**ACTIVITY:** Where the line containing "Tampilan gameplay seru" appears in the records below, begin there and repeat each line exactly through the final one, dropping all pictures.

···

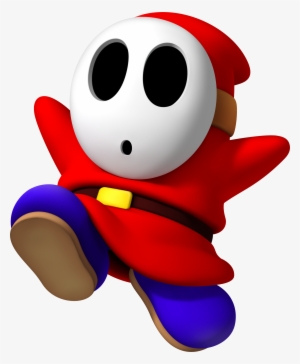 Shy Guy from Nintendo’s Mario series, wearing a red hooded cloak and blue pants, mid-jump with surprised expression.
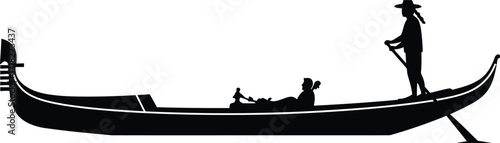 Silhouette of a traditional gondola with a gondolier in venice italy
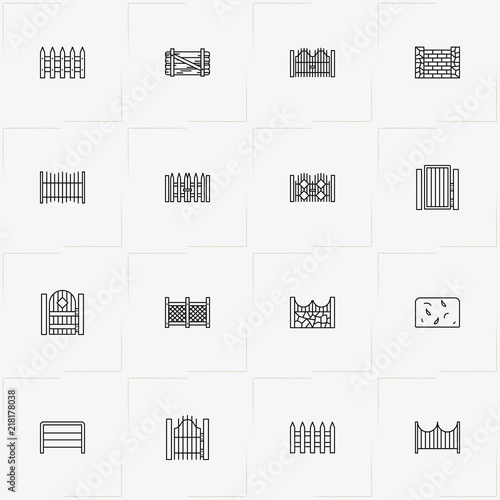 Fences And Wickets line icon set with wicket, fence and gate
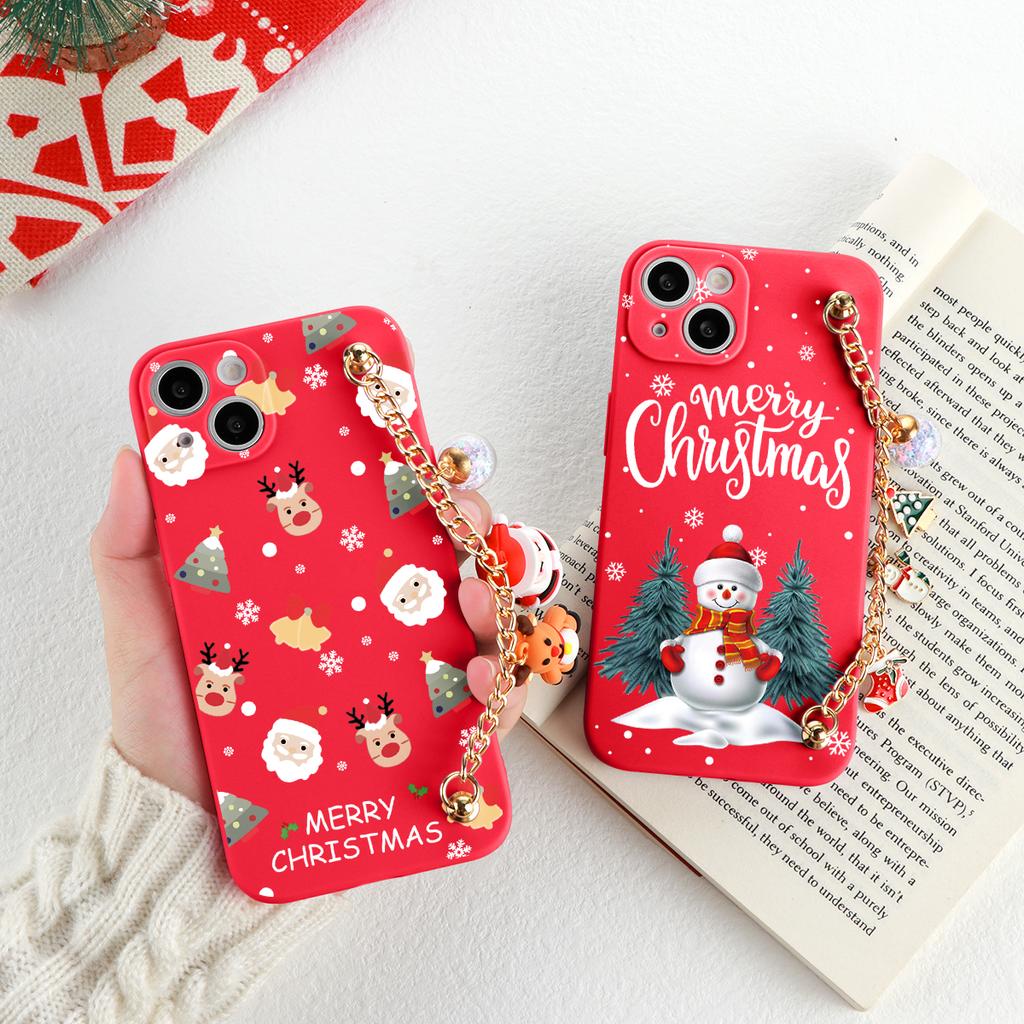 For Samsung A21S A53 A12 A13 A32 A72 A22 A23 A51 A50 A52 A70 A71 A73 A31 A40 A41 A03 S A02S A10 A33 Cute Christmas Lanyard Case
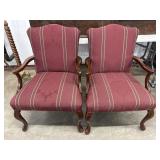 Pair of Fairfield Queen Anne Red Fabric Armchairs
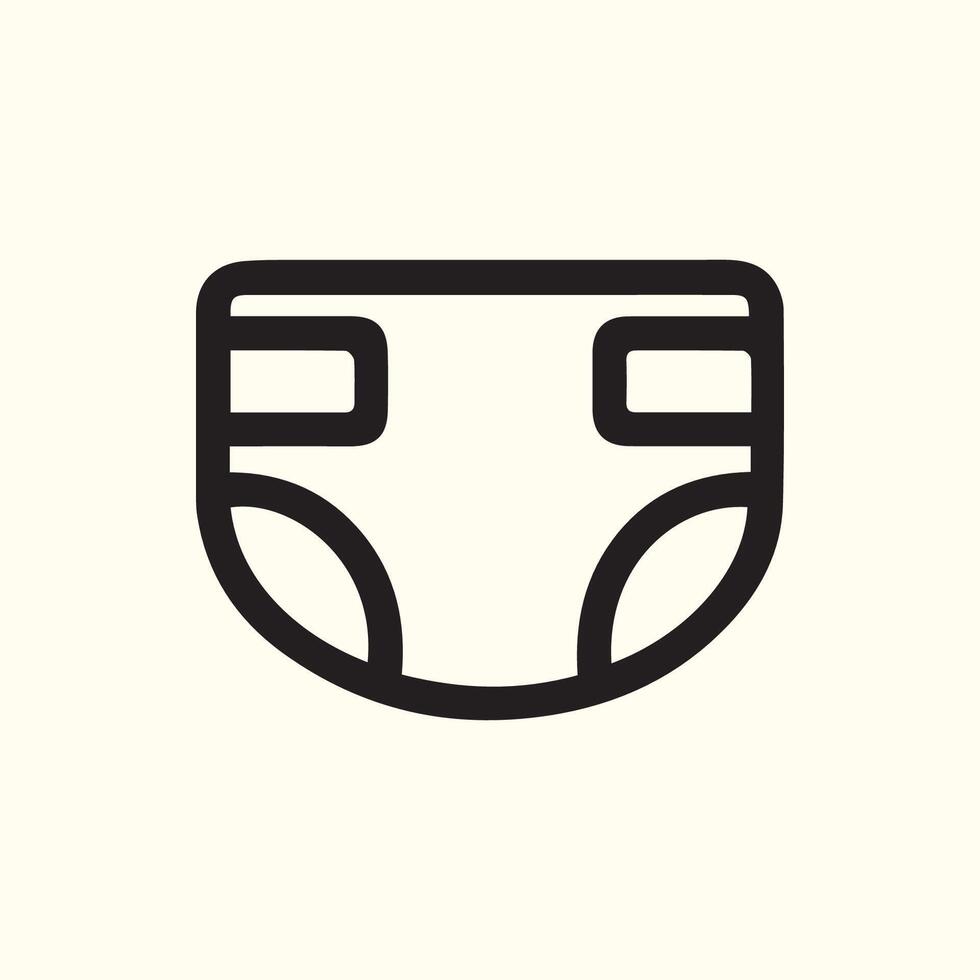 Simple Diaper Icon Design for Baby Care Products and Parenting Needs vector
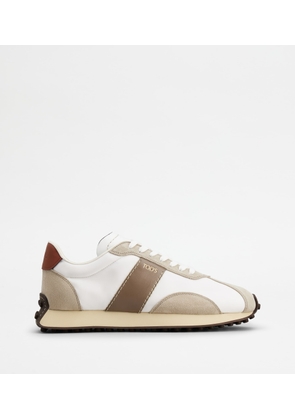 Tod's - Sneakers in Leather and Technical Fabric, BROWN,WHITE,BEIGE, 10 - Shoes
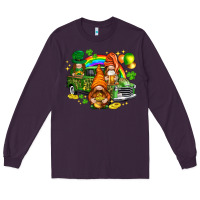 Plum St. Patrick's Day gnomies with leopard tumbler Long Sleeve Tee - HowdyJamesFarm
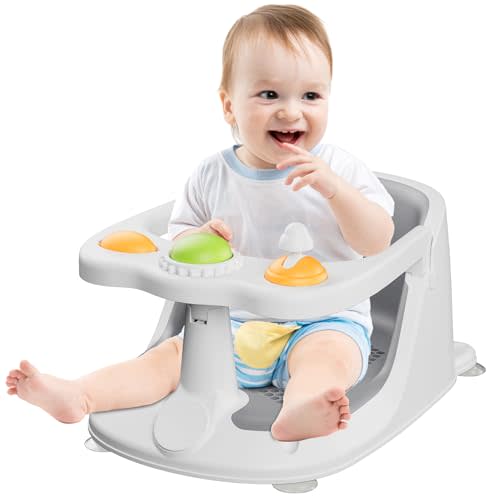 QIFUTT Baby Bath Seat for Babies 6 Months & Up, Bath Seats for Babies Sitting Up, Non-Slip, Comfortable Infant & Toddler Bath Seat for Newborns, Grey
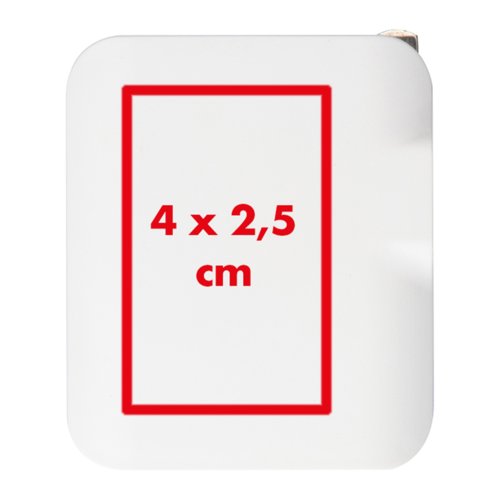 Adaptador de viaje blanco con esquinas redondeadas.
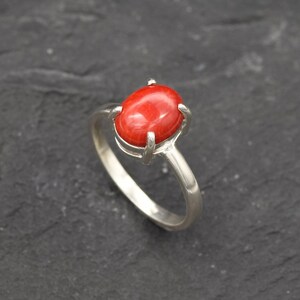 Red Coral Ring, Natural Coral, Solitaire Ring, Promise Ring, Simple Ring, Red Oval Ring, 3 Carat Ring, Proposal Ring, Solid Silver Ring image 3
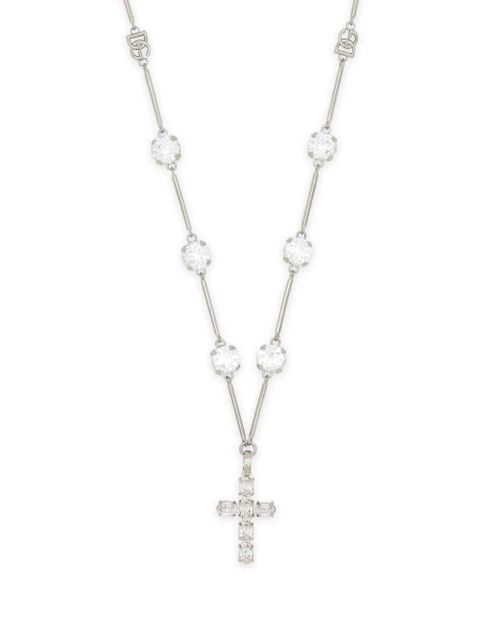 Dolce & Gabbana crystal-embellished cross-pendant necklace - Silver - zdjęcie produktu nr 1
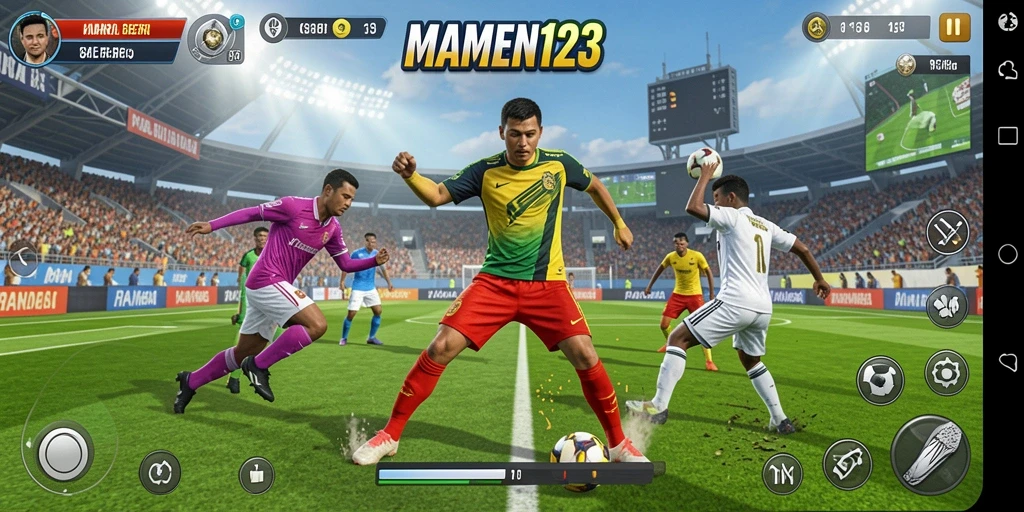 Tampilan gameplay seru MAMEN123 dengan karakter olahraga.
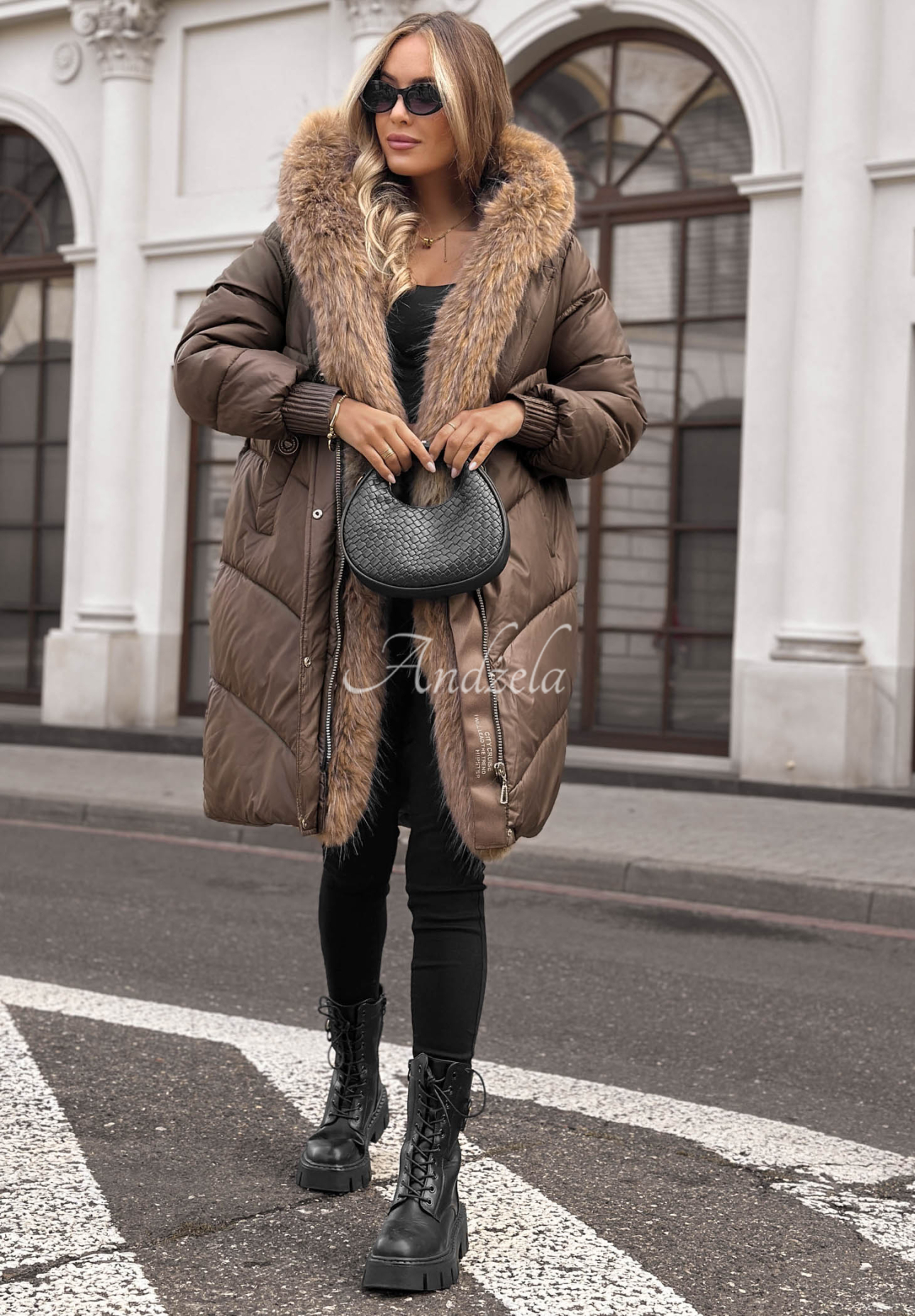 Lange Steppjacke mit Pelz Dusty Morning Schokoladenbraun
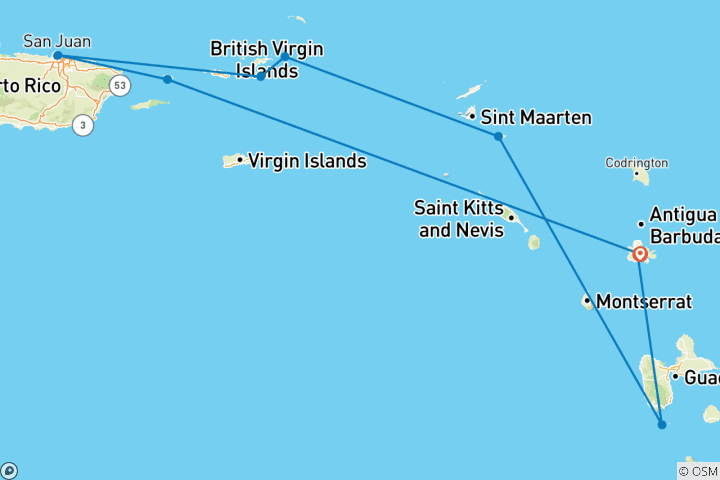 Carte du circuit Découvrez les îles de plaisance des Caraïbes 2026 - 15 jours (including St John's)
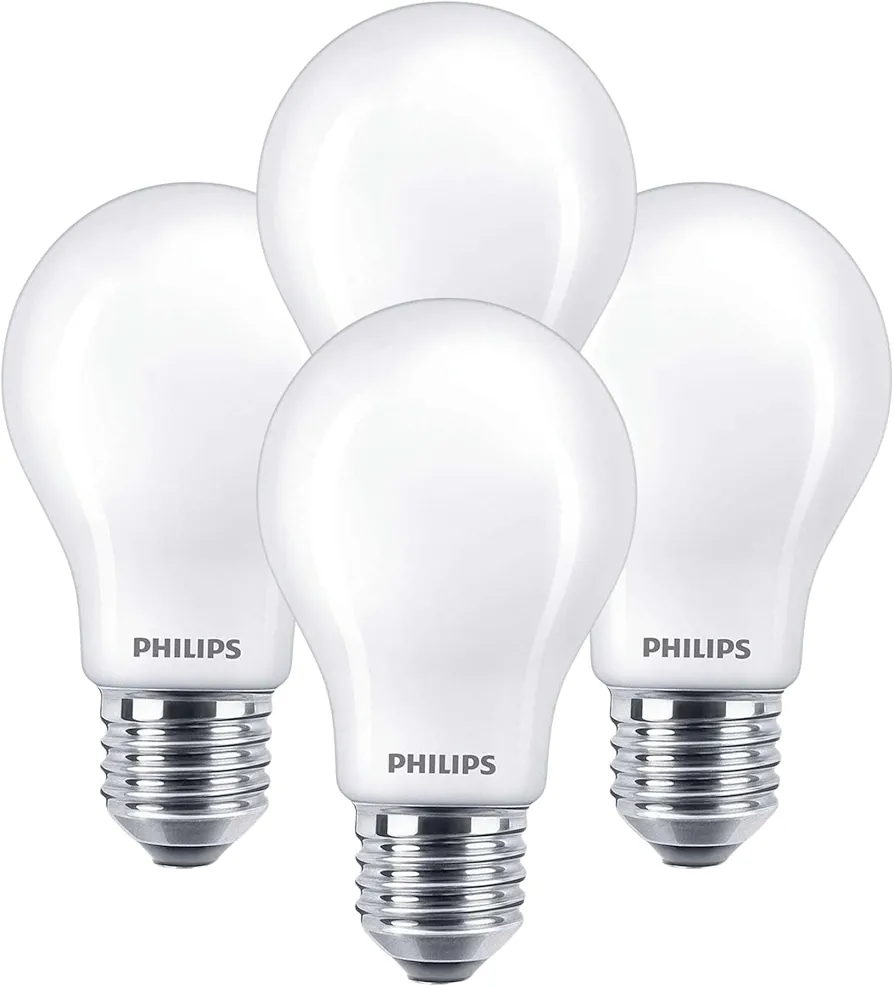 PHILIPS LED Flicker-Free Frosted Dimmable A19 Light Bulb - EyeComfort Technology - 800 Lumen - Soft White (2700K) – 8.8W=60W - E26 Base - Ultra Definition Old Version - Indoor - 4-Pack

···

**PROBLEM SOLUTION:**
 Tampilan gameplay seru MAMEN123 dengan karakter olahraga.
 Lange Steppjacke mit Pelz Dusty Morning Schokoladenbraun
 Carte du circuit Découvrez les îles de plaisance des Caraïbes 2026 - 15 jours (including St John's)
 PHILIPS LED Flicker-Free Frosted Dimmable A19 Light Bulb - EyeComfort Technology - 800 Lumen - Soft White (2700K) – 8.8W=60W - E26 Base - Ultra Definition Old Version - Indoor - 4-Pack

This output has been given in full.